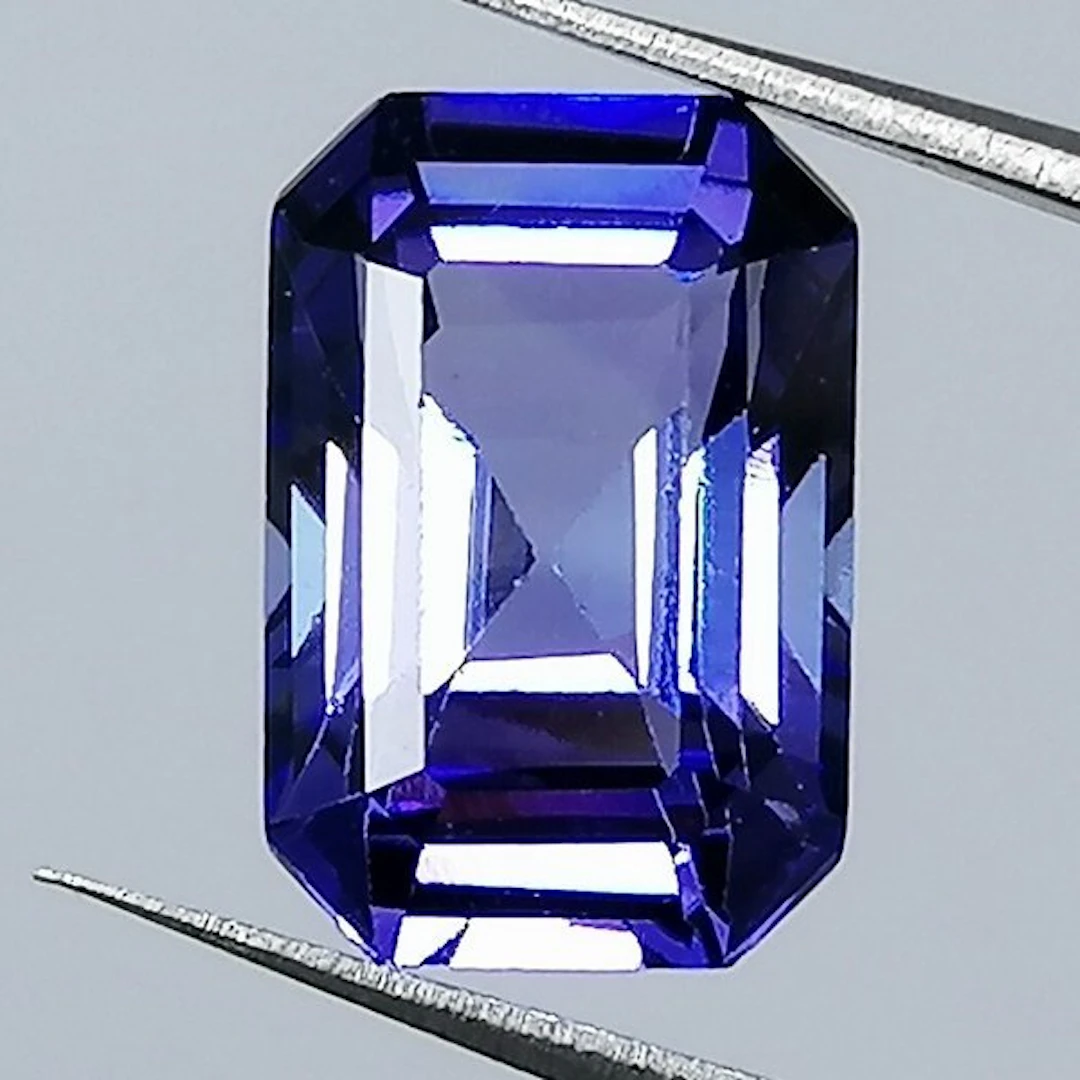 1 pcs Tanzanite - 2.18 ct - Antwerp Laboratory for...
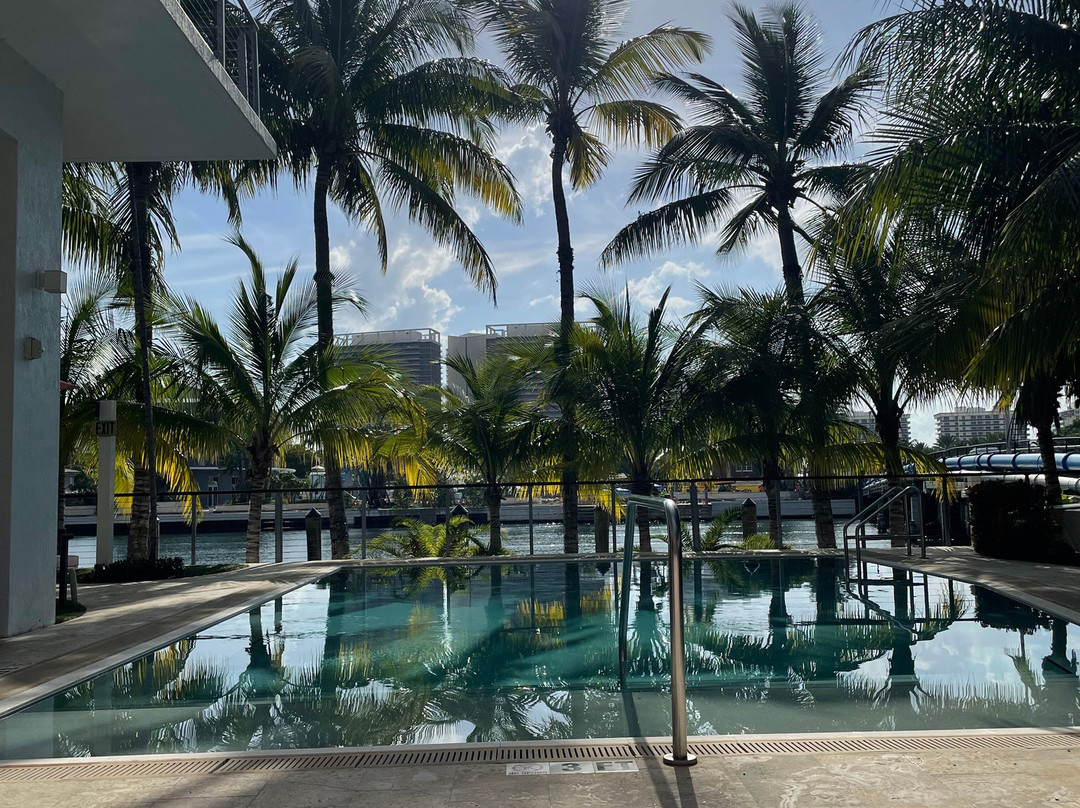 Grand Beach Hotel Bay Harbor主图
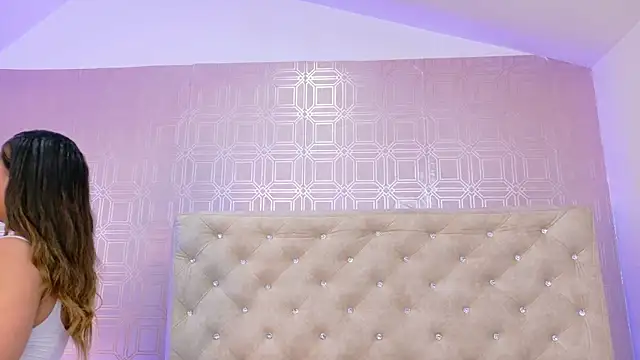 Snapshot of Sara_Desire chatting on 1, 10, 2025 Sara Desire online show from 1, 10, 2025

**EXERCISE BRIEF:** Please retype the whole of the data precisely, omitting pictures.

**EXERCISE OUTPUT:**
 1 pcs Tanzanite - 2.18 ct - Antwerp Laboratory for...
 Grand Beach Hotel Bay Harbor主图
 Snapshot of Sara_Desire chatting on 1, 10, 2025 Sara Desire online show from 1, 10, 2025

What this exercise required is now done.